AIM OF THE TASK
Extract, word for word, each line from the line holding "Fernando e Sorocaba" through the end of the records. Omit every picture.

RECORDED INFORMATION
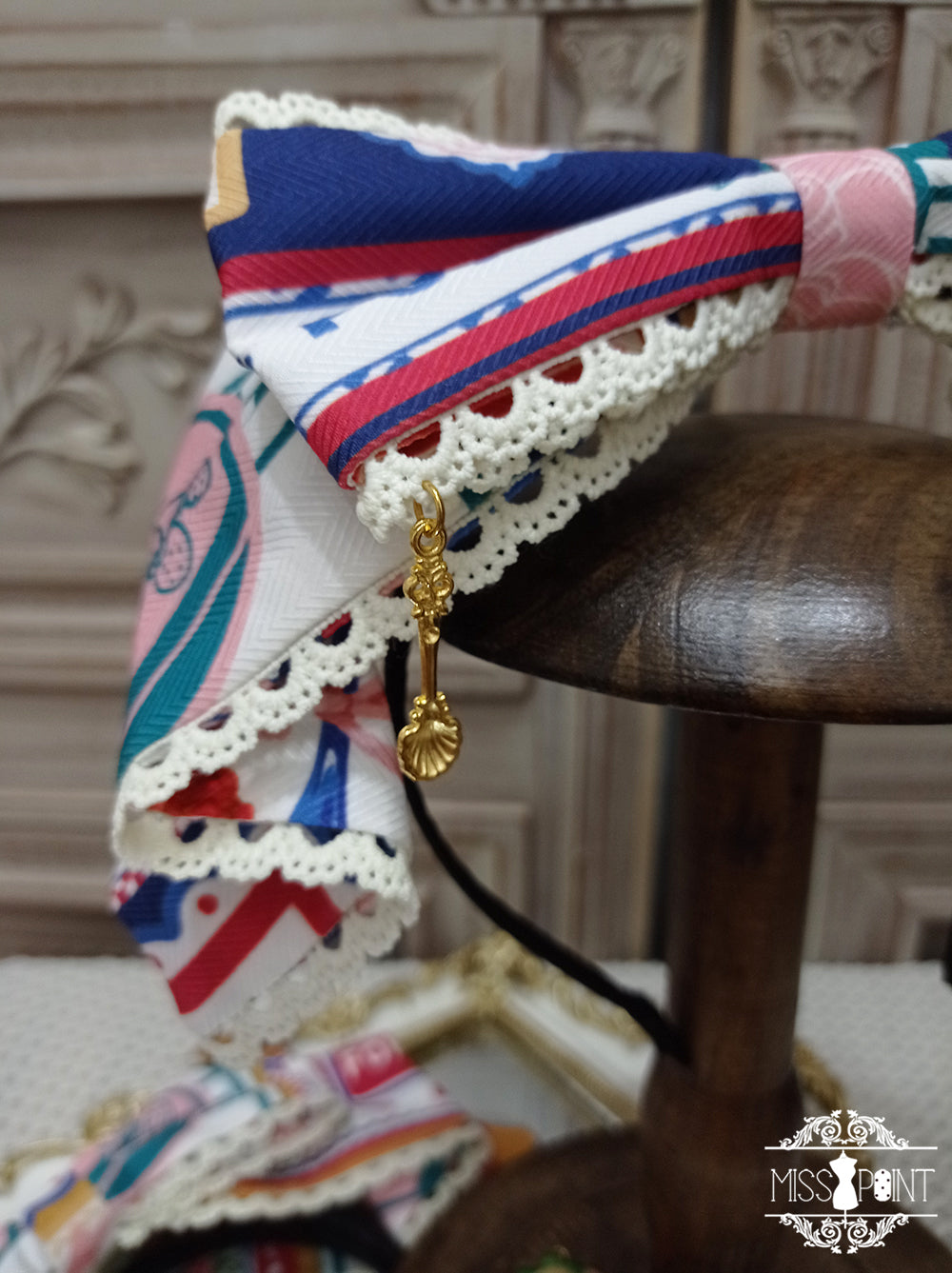 Miss Point - Berry Rose Lolita Accessories Collection KC Beret Necklace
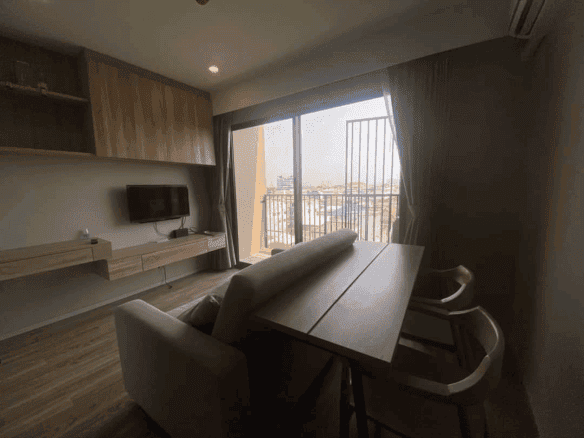 FOR RENT Condo Near Surasak BTS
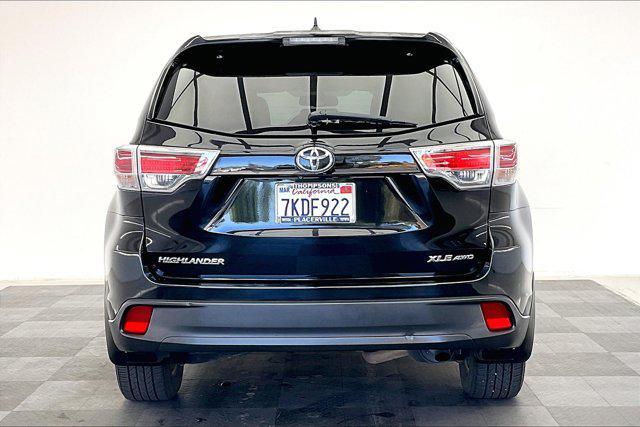 used 2015 Toyota Highlander car, priced at $17,640
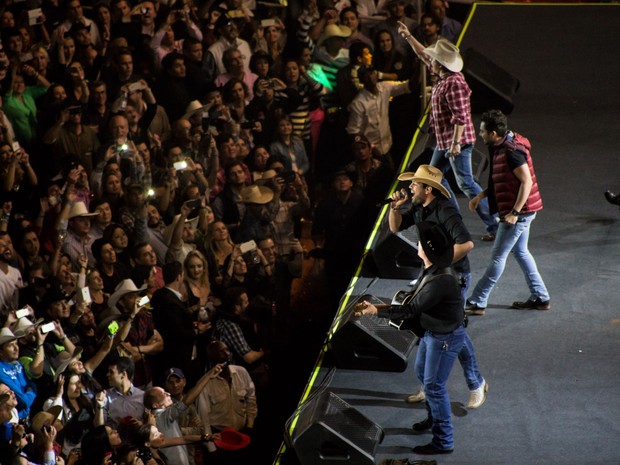 Fernando e Sorocaba cantam no palco com Garth Brooks em Barretos, SP (Foto: Mateus Rigola/G1)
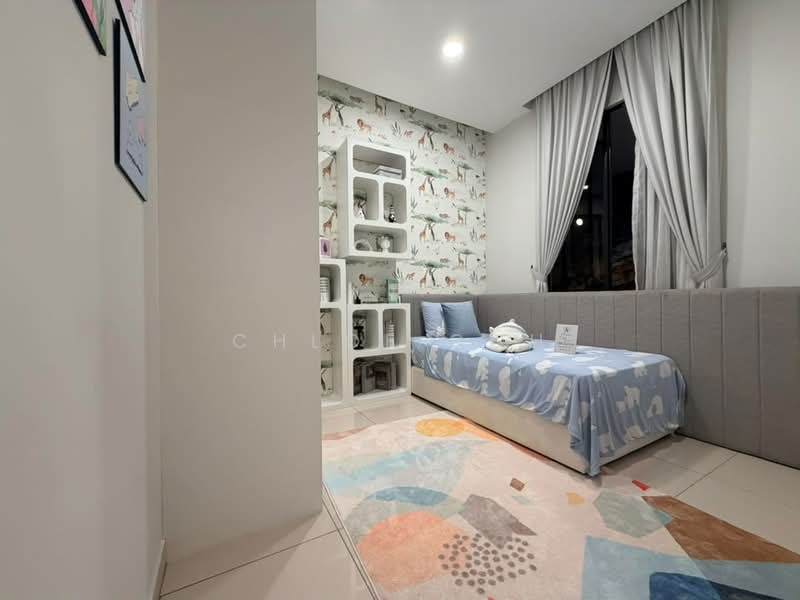Kediaman Servis untuk Dijual di Twin Tower Residence - Chloe Goh - Bedroom - PropertyGuru.com.my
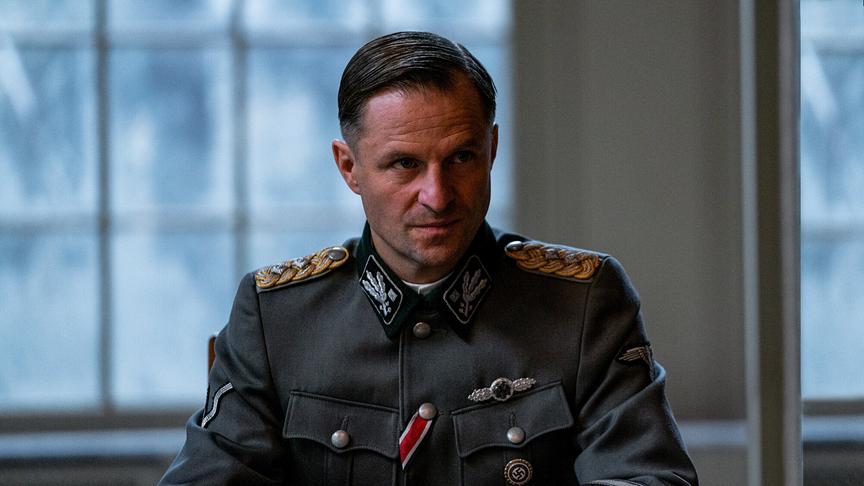 "Die Wannseekonferenz": Reinhard Heydrich (Philipp Hochmair), Chef des Reichssicherheitshauptamts, Chef der Sicherheitspolizei und des SD.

SOLUTION TO THE PROBLEM
 Fernando e Sorocaba cantam no palco com Garth Brooks em Barretos, SP (Foto: Mateus Rigola/G1)
Kediaman Servis untuk Dijual di Twin Tower Residence - Chloe Goh - Bedroom - PropertyGuru.com.my
 "Die Wannseekonferenz": Reinhard Heydrich (Philipp Hochmair), Chef des Reichssicherheitshauptamts, Chef der Sicherheitspolizei und des SD.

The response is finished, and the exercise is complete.